My interpretation of the vision: the hummingbird is me. My family back home often calls be busy bee because of how often I’m on the move and never stop going. Just like a humming bird, I can’t sit still. It takes a lot of work for me to simply relax and be still which is something I’m learning on the Race. For a long time I felt trapped, just like the bird did. I felt stuck, unable to move forward, and restricted by expectations that myself and others have placed on me. I observed the rest of the world through my cage or walls I’ve put up, as I interpreted it. And now God opened my cage and set me free. He wants to crumble my walls down completely. Quite honestly all this freedom scared me at first and does still slightly scare me. It does because with freedom, comes the unknown. In my cage I knew it’s boundaries and how far my limits were. When you’re free there simply are no limits on what you cannot do; it’s completely boundless. And so I’m currently choosing to move past the fear and to fly away with Him without looking back. And to explore this new place that He is bringing me. One not of comfort, one not of familiarity, but one filled with freedom and one filled with new horizons. He so clearly spoke, “Your wings already exist now fly away with me.”

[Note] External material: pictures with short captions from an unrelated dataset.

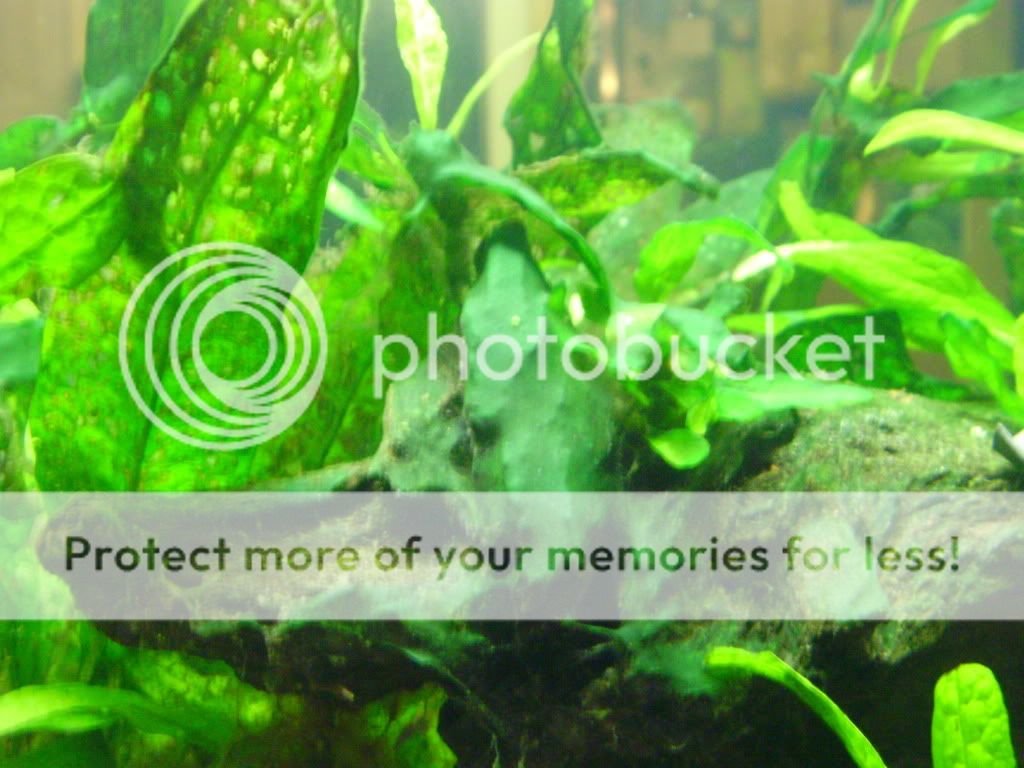 Hydrogen Peroxide vs. Cyanobacteria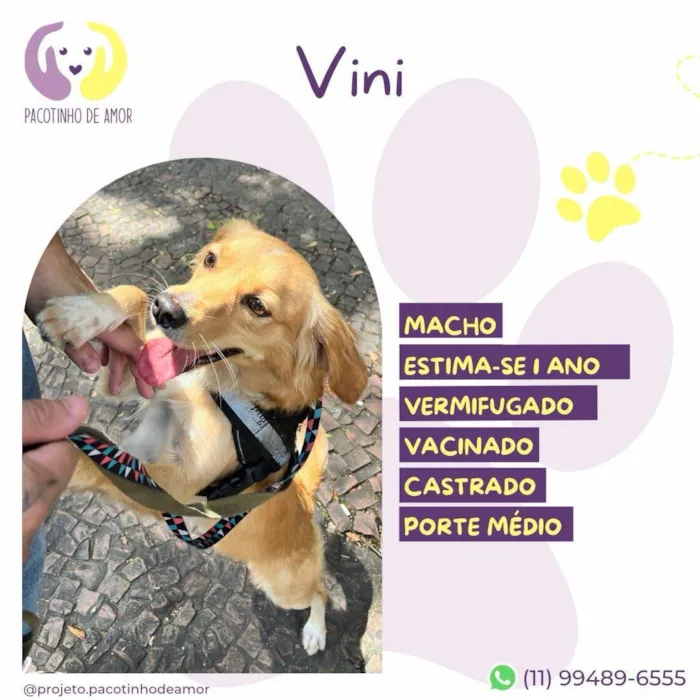 Cachorro ra a SRD-ViraLata idade 1 ano nome Vini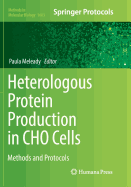 Heterologous Protein Production in Cho Cells: Methods and Protocols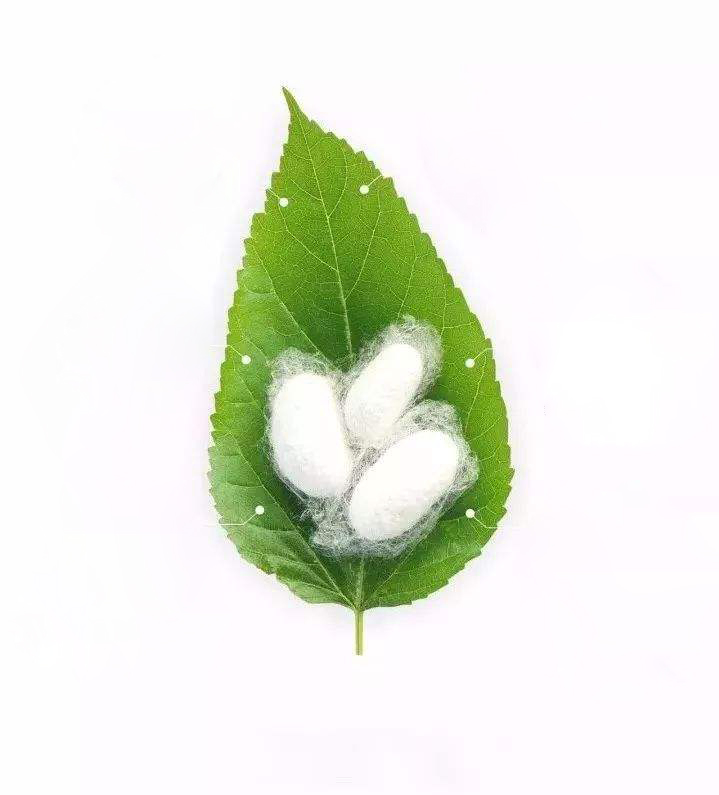 CAS 96690-41-4 Silk Peptide Silk Amino Acids White Powder Silk Extract Cosmetic Raw Material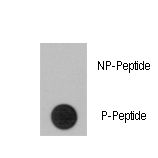 Dot blot of anti-RPS6KA1-pS363 Phospho-specific antibody (RB13296) on nitrocellulose membrane. 50ng of Phospho-peptide or Non Phospho-peptide per dot were adsorbed. Antibody working concentrations are 0.5ug per ml.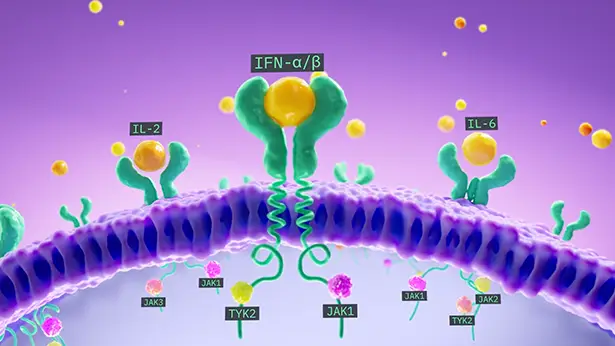 Illustration showing how JAK enzymes help communicate between cytokines and the cell nucleus, amplifying inflammatory signaling in HS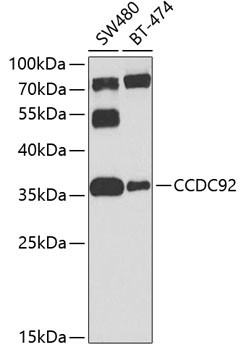 CCDC92 Antibody in Western Blot (WB)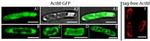 Actin Antibody in Immunocytochemistry (ICC/IF)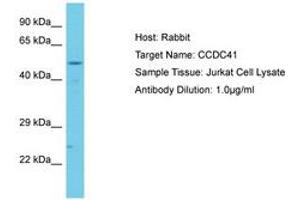 CCDC41 antibody  (AA 515-564)
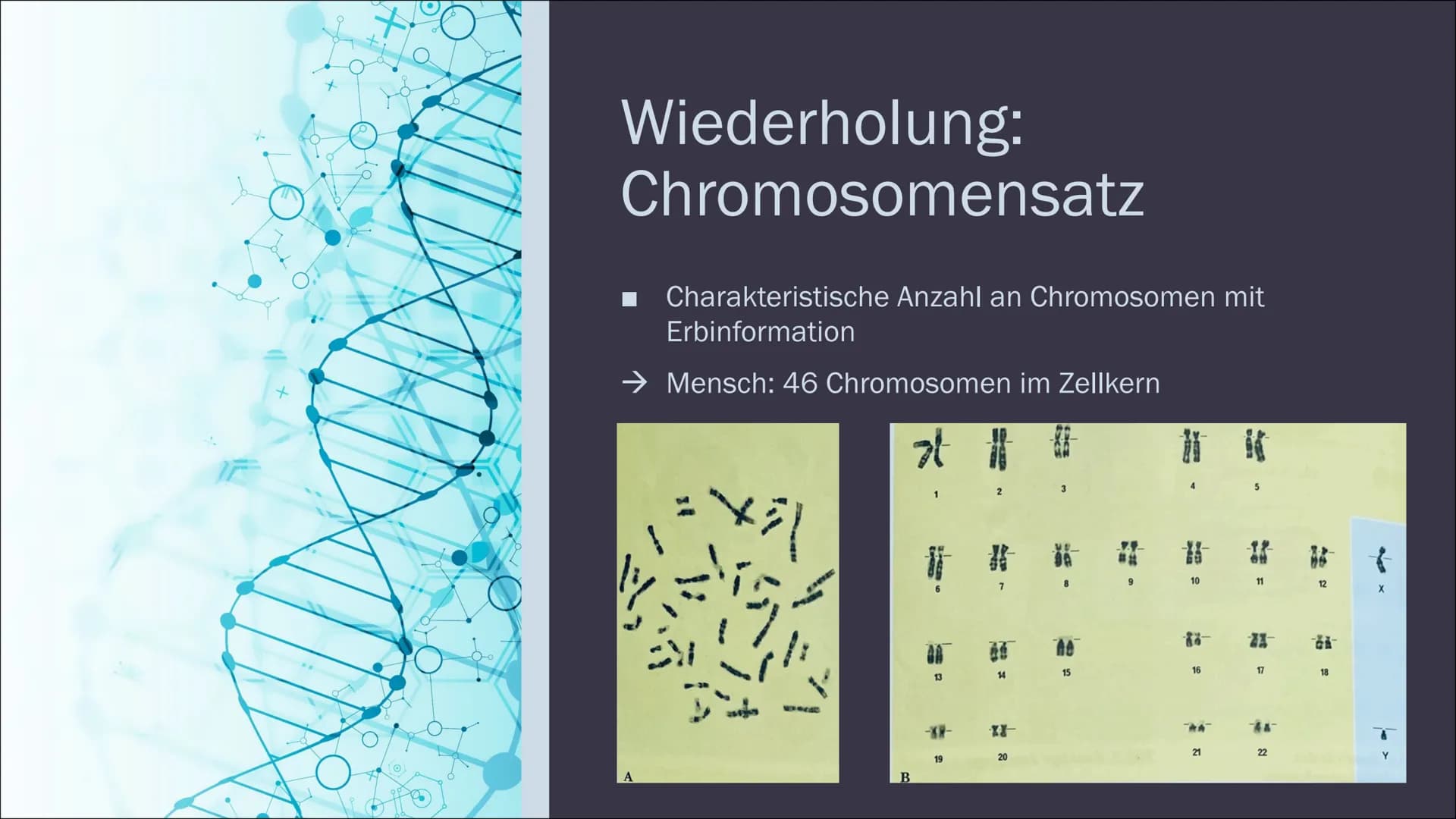 GENOMMUTATION
Am Beispiel von Trisomie Gliederung
Was sind Genommutationen?
Trisomie 21
Trisomie 13 & 18
Pränatale Diagnostik WAS SIND
GENOM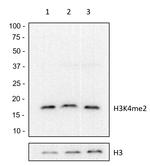 H3K4me2 Antibody in Western Blot (WB)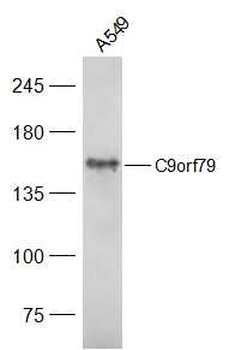 C9orf79 Rabbit Polyclonal Antibody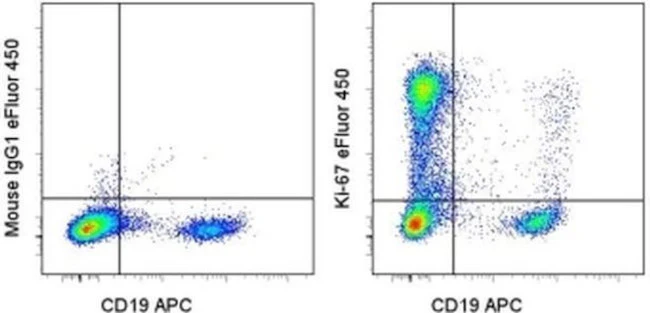 Ki-67 Monoclonal Antibody (20Raj1), eFluor 450, eBioscience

Also there’s a cool God Moment tied into this vision. That same day, a few minutes after having the vision, I opened my Bible to read a random book and it happened to open to 1st Thessalonians. On that page in my Bible is a picture of a bird, a humming bird, which is a super strange picture to have. And then I shut my bible and looked at the back cover of it. On the back of my bible I have this sticker of a bird that I put there almost 4 years ago when I first got this bible. I’d almost forgotten it was here. And then while I was in Washington DC for an overnight layover where I got to see my mom and little brother, I considered sending home this Bible but decided not to because it felt wrong. I was going to send it home because I didn’t want to ruin it. To know that 4 years ago, God knew he was going to give me this vision in this moment with this Bible here in Rwanda, is so freaking cool. GOD IS SO FREAKING COOL. He takes my breath away.

Here in Nepal, God is showing me what true freedom looks like.
It’s something that often makes me feel uncomfortable, but it’s a lesson long overdue that I learn. Freedom for me involves not caring what other think of me when I worship. Freedom for me is going in public with greasy hair and no makeup on. Freedom is dancing like a fool with the congregation of the church, Freedom is creating in my art journal without the fear of it not turning out perfect. It looks like a lot of different things to different people. But I will never go back to being a caged bird. I prefer to be out here in the open celebrating and calling others to join me in freedom.